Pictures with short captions

######

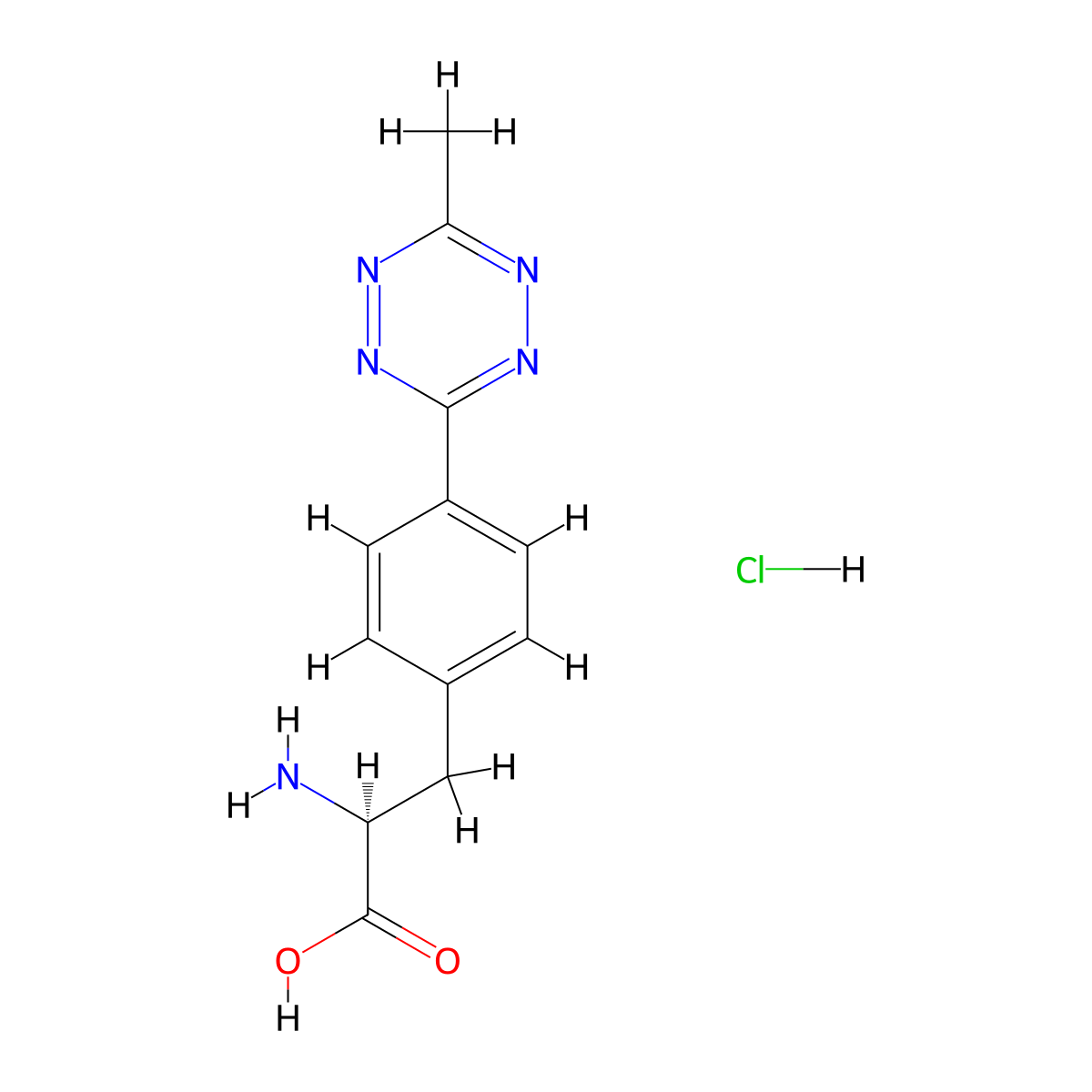 4-(6-Methyl-1,2,4,5-tetrazin-3-YL)-L-phenylalanine hydrochloride molecular structure, CAS 2363129-95-5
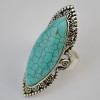R-1340    Bohemian Vintage Classic Style Silver Plated Green Turquoise Finger Jewelry Rings for Women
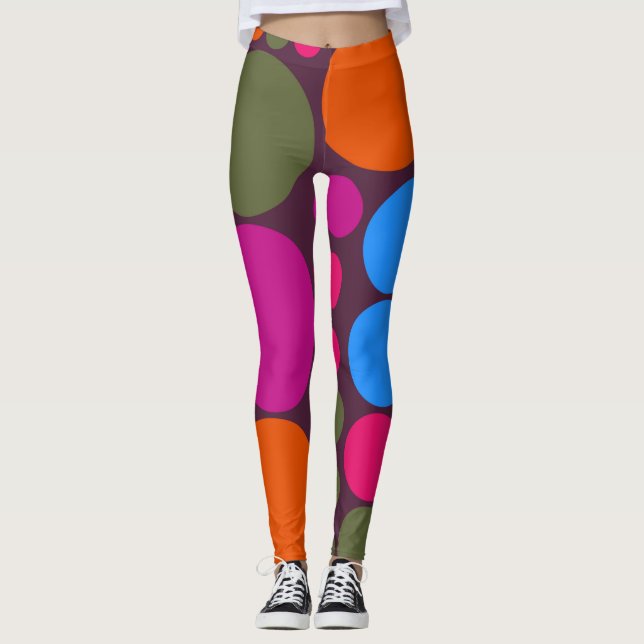 Retro Färg Polka dots Mönster #15 Leggings (Framsida)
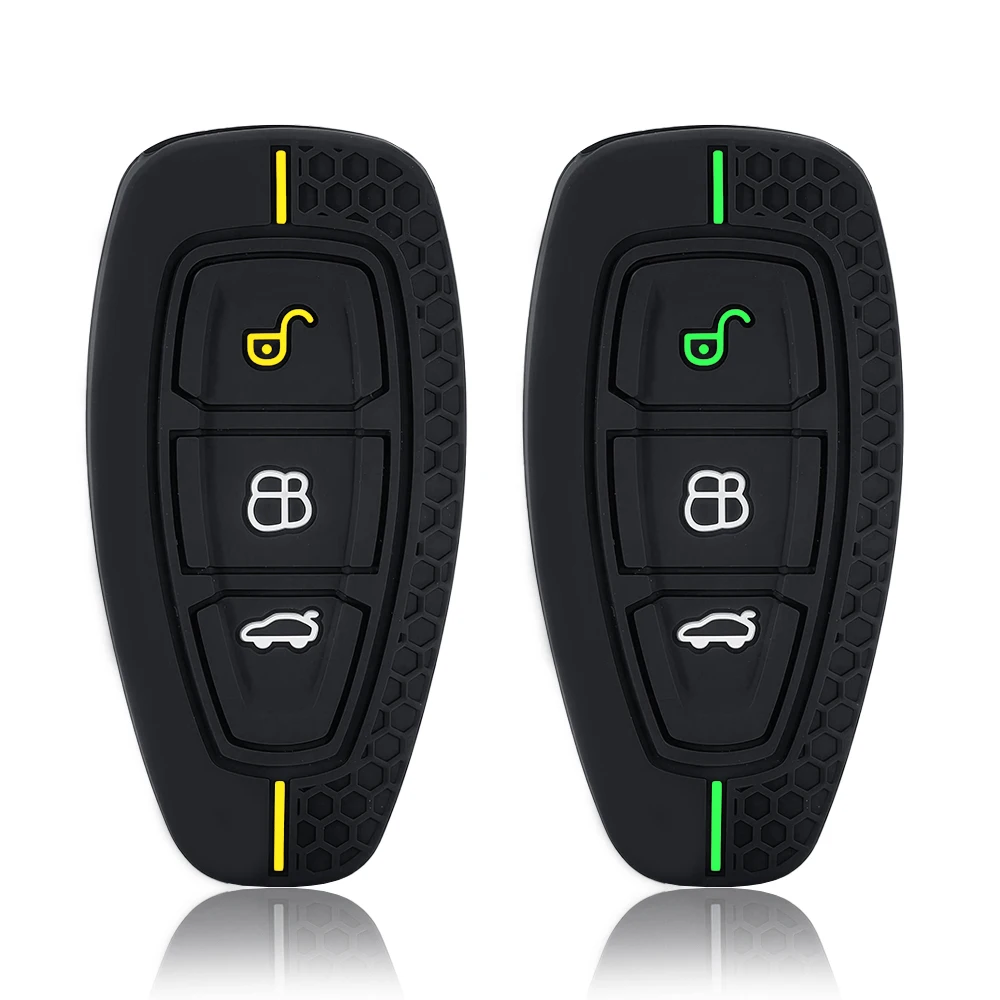 Funda para Llave de 3 Botones para Ford Transit Custom Mondeo Fiesta Kuga ST Line MK3 Focus 3 Station Wagon Ecosport, Protección para Llave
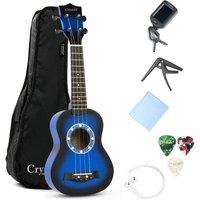 Crystals 21" Blue Soprano Ukulele Beginner with Gig Bag Pick & Spare Strings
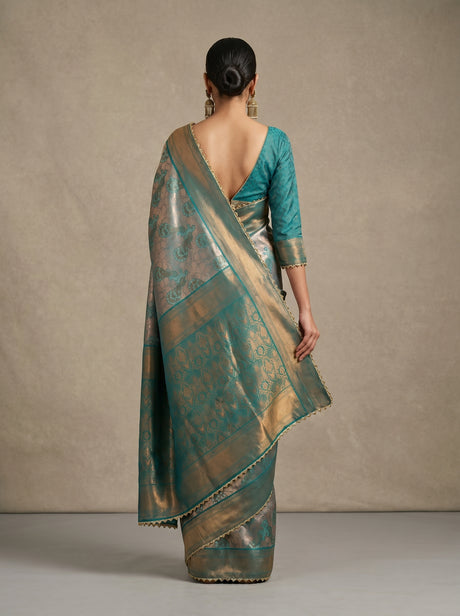 MIMOSA Saffire Kanjivaram Art Silk Saree — unstitched blouse fabric detail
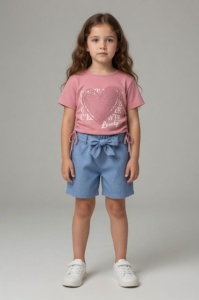 Set pentru fetite MINAMINOKIDS cu pantaloni scurti denim - Heart - Img 2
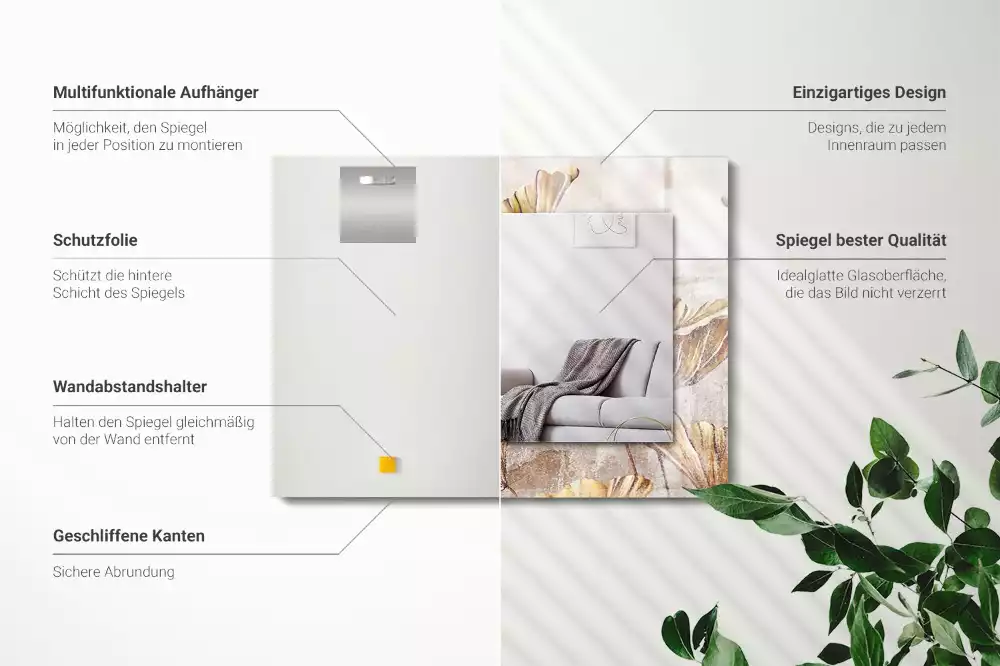 Négyszögletes dísztükör Vintage virágok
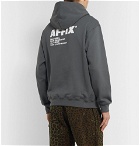 AFFIX - Logo-Print Fleece-Back Cotton-Jersey Hoodie - Gray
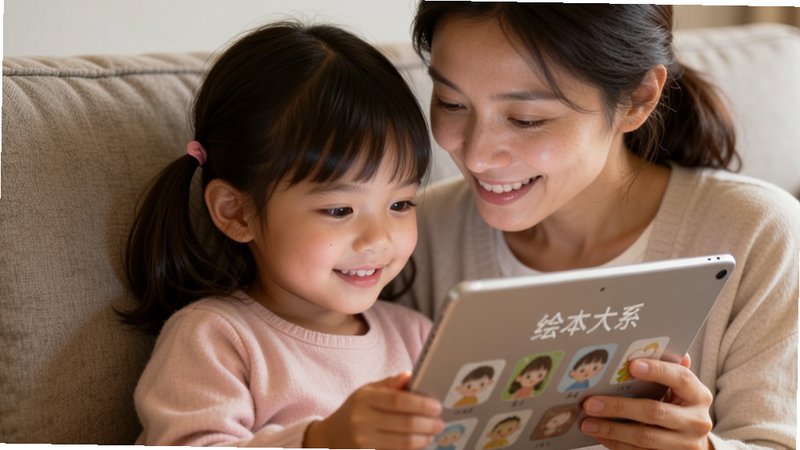 主体是一位母亲和一个小女孩坐在沙发上,手持平板电脑,屏幕上显示着“绘本大系”的界面,两人面带微笑,气氛温馨。布局为近景特写,风格为写实摄影与数字插画结合,细节展示屏幕发出的柔和光线照亮孩子脸庞,画质细腻,干净,无多余元素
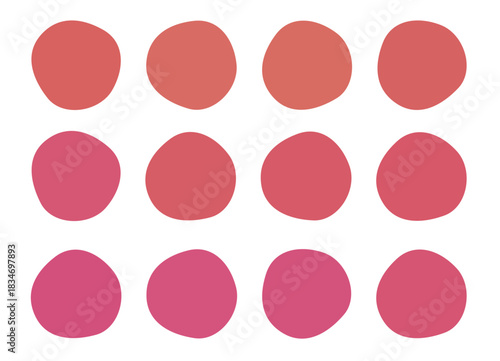 手書き風の有機的シェイプ　赤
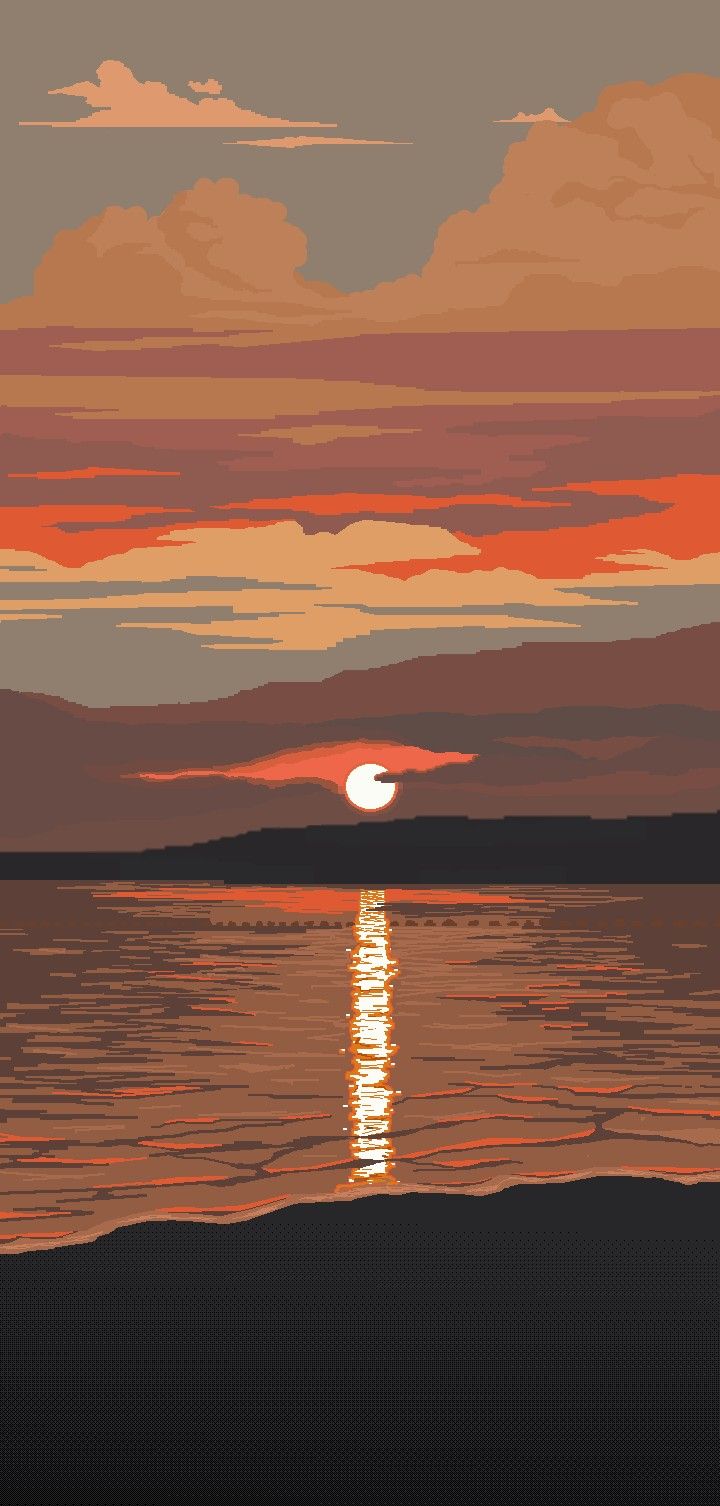 Sunset On The Lake Drawing Wallpapers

######

■ PROBLEM STATEMENT
Omit every picture, then write out the entries above exactly.

■ ANSWER SECTION
 4-(6-Methyl-1,2,4,5-tetrazin-3-YL)-L-phenylalanine hydrochloride molecular structure, CAS 2363129-95-5
R-1340    Bohemian Vintage Classic Style Silver Plated Green Turquoise Finger Jewelry Rings for Women
 Retro Färg Polka dots Mönster #15 Leggings (Framsida)
 Funda para Llave de 3 Botones para Ford Transit Custom Mondeo Fiesta Kuga ST Line MK3 Focus 3 Station Wagon Ecosport, Protección para Llave
 Crystals 21" Blue Soprano Ukulele Beginner with Gig Bag Pick & Spare Strings
 MIMOSA Saffire Kanjivaram Art Silk Saree — unstitched blouse fabric detail
 Set pentru fetite MINAMINOKIDS cu pantaloni scurti denim - Heart - Img 2
 Négyszögletes dísztükör Vintage virágok
 AFFIX - Logo-Print Fleece-Back Cotton-Jersey Hoodie - Gray
 主体是一位母亲和一个小女孩坐在沙发上,手持平板电脑,屏幕上显示着“绘本大系”的界面,两人面带微笑,气氛温馨。布局为近景特写,风格为写实摄影与数字插画结合,细节展示屏幕发出的柔和光线照亮孩子脸庞,画质细腻,干净,无多余元素
 手書き風の有機的シェイプ　赤
 Sunset On The Lake Drawing Wallpapers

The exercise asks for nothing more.